Logical types are used to extend the types that parquet can be used to store, by specifying how the primitive types should be interpreted. This keeps the set of primitive types to a minimum and reuses parquet's efficient encodings. For example, strings are stored as byte arrays (binary) with a UTF8 annotation.

This file contains the specification for all logical types.

Metadata

The parquet format's ConvertedType stores the type annotation. The annotation may require additional metadata fields, as well as rules for those fields.

UTF8 (Strings)

UTF8 may only be used to annotate the binary primitive type and indicates that the byte array should be interpreted as a UTF-8 encoded character string.

DECIMAL

DECIMAL annotation represents arbitrary-precision signed decimal numbers of the form unscaledValue * 10^(-scale).

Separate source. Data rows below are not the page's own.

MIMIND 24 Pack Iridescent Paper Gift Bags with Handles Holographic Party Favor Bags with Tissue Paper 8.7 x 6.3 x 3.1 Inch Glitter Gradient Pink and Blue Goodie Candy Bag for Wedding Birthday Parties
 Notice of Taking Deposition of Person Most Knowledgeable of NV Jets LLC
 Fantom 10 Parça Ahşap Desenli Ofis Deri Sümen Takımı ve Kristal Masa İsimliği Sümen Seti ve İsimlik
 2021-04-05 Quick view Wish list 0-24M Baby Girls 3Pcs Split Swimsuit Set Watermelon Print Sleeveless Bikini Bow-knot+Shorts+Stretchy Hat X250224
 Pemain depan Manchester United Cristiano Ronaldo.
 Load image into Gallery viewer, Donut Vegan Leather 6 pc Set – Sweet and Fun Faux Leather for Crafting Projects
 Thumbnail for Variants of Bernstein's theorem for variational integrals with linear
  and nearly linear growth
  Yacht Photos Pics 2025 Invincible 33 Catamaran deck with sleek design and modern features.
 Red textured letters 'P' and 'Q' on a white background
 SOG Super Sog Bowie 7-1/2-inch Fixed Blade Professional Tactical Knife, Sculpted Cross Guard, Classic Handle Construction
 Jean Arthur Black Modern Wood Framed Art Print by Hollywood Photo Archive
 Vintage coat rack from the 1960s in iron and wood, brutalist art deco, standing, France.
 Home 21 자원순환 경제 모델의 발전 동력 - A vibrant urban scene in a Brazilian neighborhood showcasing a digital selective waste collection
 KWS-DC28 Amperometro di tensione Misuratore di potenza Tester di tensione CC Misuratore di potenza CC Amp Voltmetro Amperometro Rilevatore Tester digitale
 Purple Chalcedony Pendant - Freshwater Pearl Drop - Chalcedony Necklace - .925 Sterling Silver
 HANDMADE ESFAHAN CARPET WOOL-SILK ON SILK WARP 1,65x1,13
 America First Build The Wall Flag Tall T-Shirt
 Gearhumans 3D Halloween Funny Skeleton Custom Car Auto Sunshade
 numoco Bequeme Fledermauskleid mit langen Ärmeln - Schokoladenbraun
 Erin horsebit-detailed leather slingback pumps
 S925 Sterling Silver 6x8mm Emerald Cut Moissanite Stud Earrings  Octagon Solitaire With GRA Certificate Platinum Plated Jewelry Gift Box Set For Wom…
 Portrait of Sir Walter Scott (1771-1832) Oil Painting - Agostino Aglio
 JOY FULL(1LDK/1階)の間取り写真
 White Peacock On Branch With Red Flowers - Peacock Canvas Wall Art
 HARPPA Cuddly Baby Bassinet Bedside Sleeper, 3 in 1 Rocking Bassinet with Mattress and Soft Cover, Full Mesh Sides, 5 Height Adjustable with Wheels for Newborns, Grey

The primitive type stores an unscaled integer value. For byte arrays, binary and fixed, the unscaled number must be encoded as two's complement using big-endian byte order (the most significant byte is the zeroth element). The scale stores the number of digits of that value that are to the right of the decimal point, and the precision stores the maximum number of digits supported in the unscaled value.

If not specified, the scale is 0. Scale must be zero or a positive integer less than the precision. Precision is required and must be a non-zero positive integer. A precision too large for the underlying type (see below) is an error.

DECIMAL can be used to annotate the following types:

  • int32: for 1 <= precision <= 9
  • int64: for 1 <= precision <= 18; precision <= 10 will produce a warning
  • fixed_len_byte_array: precision is limited by the array size. Length n can store <= floor(log_10(2^(8*n - 1) - 1)) base-10 digits
  • binary: precision is not limited, but is required. The minimum number of bytes to store the unscaled value should be used.

A SchemaElement with the DECIMAL ConvertedType must also have both scale and precision fields set, even if scale is 0 by default.